Military-press reconciliation

WASHINGTON - The Vietnam era marked a low point in trust between the government and the news media. What reporters saw on the ground sharply contradicted what they were being told, and the resulting credibility gap poisoned the relationship between the press and the Pentagon for decades.

       That schism has now been mostly healed, at least for the time being, thanks to the introduction of "embeds" - reporters stationed with military units. The American press was part of the team during the invasion of Iraq, experiencing the same hardships and bond­ing with the soldiers they were covering. Their dispatches were almost uniformly positive from the military's standpoint, and reporters came away happy because they had access, the coin of the realm in journalism.

       Critics pointed out that the coverage was often too narrow and cheerleading, given each reporter's limited range, but both sides - Pentagon and the press - agreed that the embeds were a positive evolution in

reporting a war. Even the most battle-hardened mili­tary types have come to realize the importance of ral­lying public support. Winning over the media is a necessary prelude to waging a successful war.

When the Vietnam War began, there were no bar­riers to the media, and hundreds of reporters were in the country on any given day during the height of the conflict.
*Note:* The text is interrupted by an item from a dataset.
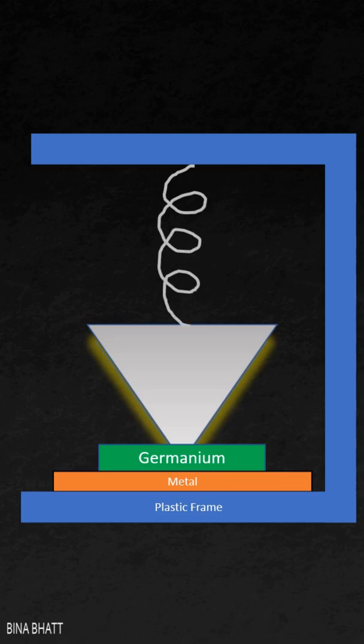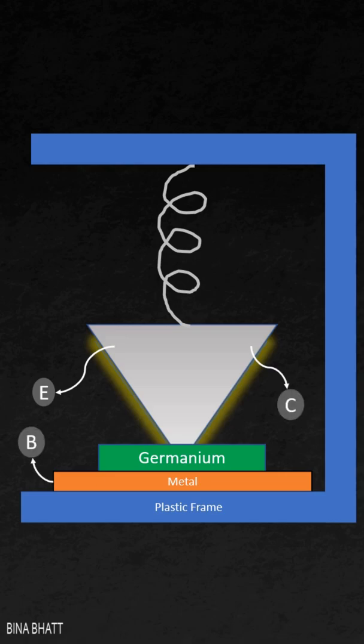On one side, you have emitter. On the other side, you have collector. And as this crystal forms the base, it was known as base. That's how this term originated.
When the news they produced was not favorable from the administration's standpoint, and the television footage of the death and dying turned Americans against the war, the Pentagon concluded that the only good media was a controlled media.

To this day, there are officials inside and outside the Pentagon who blame the U.S. loss in Vietnam on the news industry. By airing reports on the horror of wag­ing war against a population, where you can't distin­guish innocent civilians from combatants, the media created a climate in which the military felt constrained from doing its job, creating the conditions for defeat. The other side of the argument is that Vietnam was never winnable, and the media in its imperfect and often messy search for the truth did what it was sup­posed to do, go beyond the press release and tell the story of what was really happening.

After Vietnam, the generals vowed there would never be another living-room war. When President Reagan ordered an invasion of the tiny island of Grenada in 1983, reporters were held for two days on a neighboring Caribbean island until the conflict was over. The news media made enough noise about the abridgement of their First Amendment rights that the military put in place a "pool" system, where a small number of reporters are given access and share the informa­tion with their colleagues.

The pool system was activat­ed during the first Gulf War, but _the military exercised such tight control over access that most Americans experienced the war as though it were a sterile arcade game. The invasion of Iraq was a breakthrough in press relations, and it happened against the backdrop of a newly invigorated volun­teer army, and a string of military successes, from Desert One to Kosovo. The military had regained its place as one of America's most highly respected institutions.

Simultaneously, the military and the press have reconciled, a fact epitomized in Wesley Clark, a four­-star general who, upon retirement, became a news commentator for CNN. Now a democratic presiden­tial contender, Clark represents a fusion of military, press and politics. Whether he wins or loses, the rec­onciliation will remain - until someone comes along and foolishly creates another military-press schism.